Under this section, so long as it remains wholly uncertain whether a contract or engagement will ever give rise to an actual duty or liability and there is no means of removing the uncertainty by calculation, such contract or engagement is not provable under the act.
2. A claim for a breach of covenant that the grantor has an indefeasible estate in fee in land sold -- the claim arising from the right of his wife, yet living, to be endowed of the estate -- is of this character during the life of the husband.
Magwire sued Riggin in the Circuit Court of St. Louis County, Missouri, to recover damages for a breach of covenant.
The defendant pleaded a discharge under the Bankrupt Act of 1841, obtained in June, 1843, but his plea was disallowed, both by the lower court and by the Supreme Court of Missouri on appeal. He therefore brought the case here by writ of error.
The case was this:
On the 2d of December, 1839, Riggin conveyed a certain tract of land near St. Louis to one Ellis in fee. The operative words of the conveyance were "grant, bargain, sell," &c., which words in Missouri create a covenant that the grantor has an indefeasible estate in fee. [Footnote 1] The fact was that prior to the execution of this deed, the property had belonged to one Martin Thomas, whose wife had never relinquished her right to dower in it. But Thomas was then living, and did not die until 1848, several years after the alleged discharge of Riggin as a bankrupt. The property afterwards, by regular devolution of title, came into possession of Magwire, who sold it in lots to various persons. In 1868, these persons were sued by Mrs. Thomas, widow of Martin Thomas, for the value of her dower, and were obliged to pay it, and the plaintiff was obliged to refund them the amount. He therefore brought this suit against Riggin for damages under his implied covenant of indefeasible seizin.

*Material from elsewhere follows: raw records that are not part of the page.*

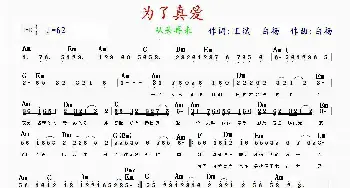 为了真爱(bA调)_歌曲简谱_词曲:王斌 白杨 白杨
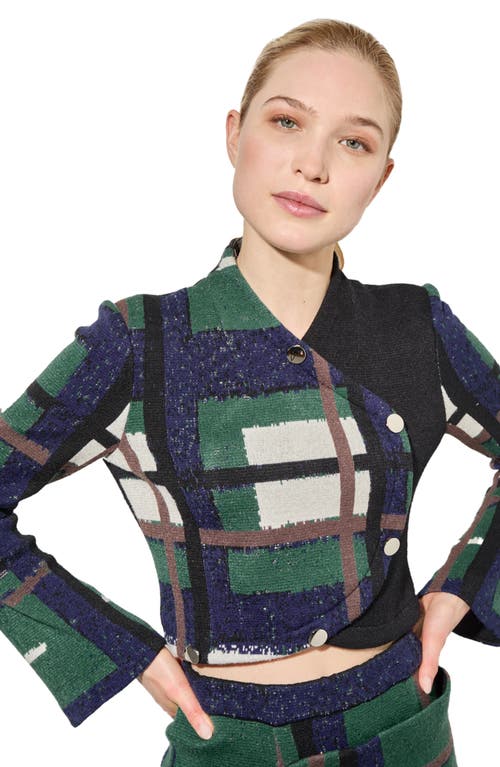 Ming Wang Cozy Asymmetric Faux Button Front Knit Crop Top In Forest Multi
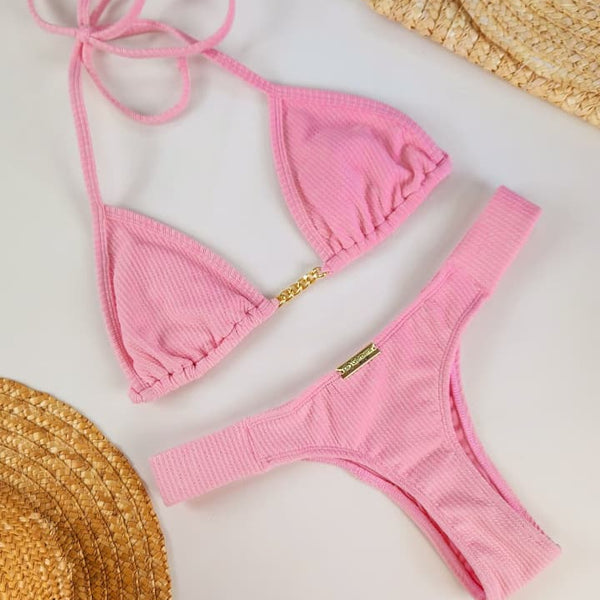 Women's Textured Triangle Bikini Set – Pink Sol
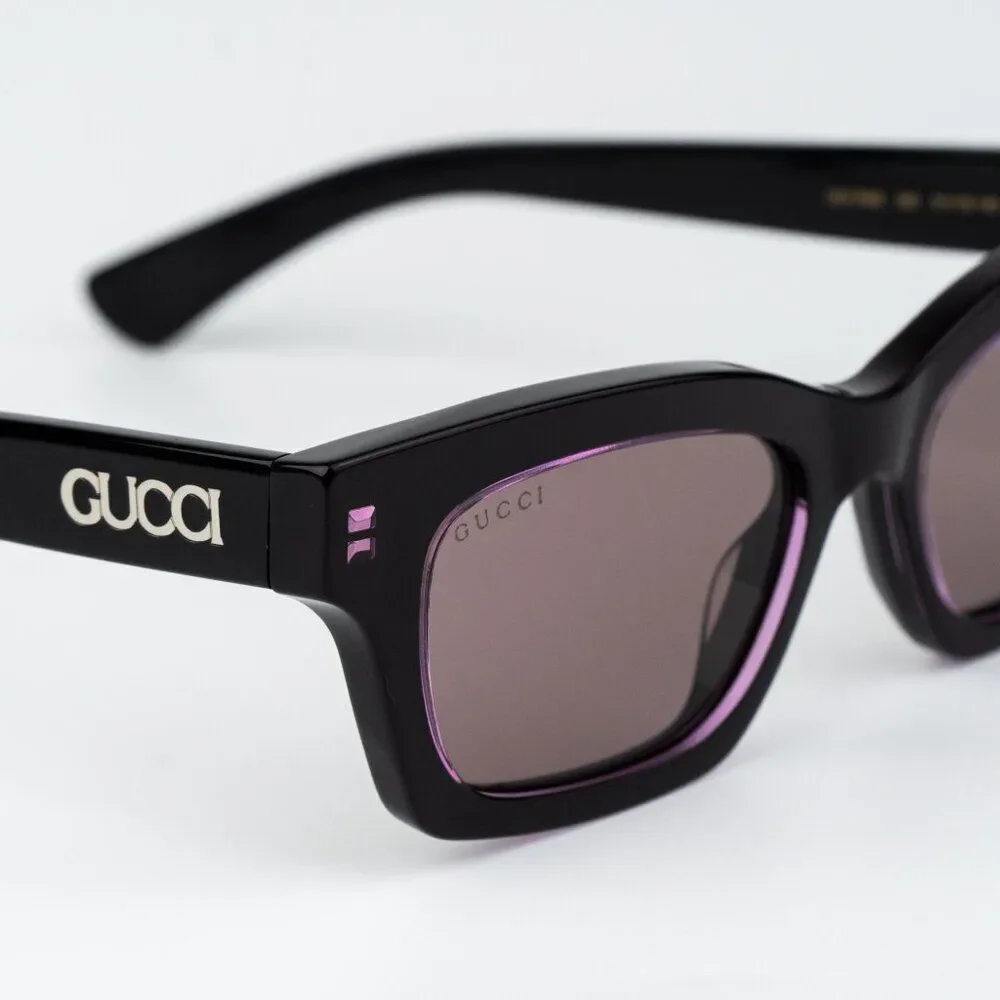 Gucci Women Sunglasses Black Violet Cat Eye GG1790S 003 NEW AUTHENTIC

The question was whether Riggin was discharged from this demand by his decree of discharge in bankruptcy in 1843? Whether he was or not depended on the question whether the claim could have been proved in that proceeding. The 5th section of the Bankrupt Act of 1841 [Footnote 2] declares as follows:
"All creditors whose debts are not due and payable until a future day, all annuitants, holders of bottomry and respondentia bonds, holders of policies of insurance, sureties, endorsers, bail, or other persons having uncertain or contingent demands against such bankrupt, shall be permitted to come in and prove such
debts and claims under the act, and shall have a right, when these debts or claims become a absolute, to have the same allowed them, and such annuitants and holders of debts payable in future may have the present value thereof ascertained under the direction of such court and allowed them accordingly as debts in praesenti."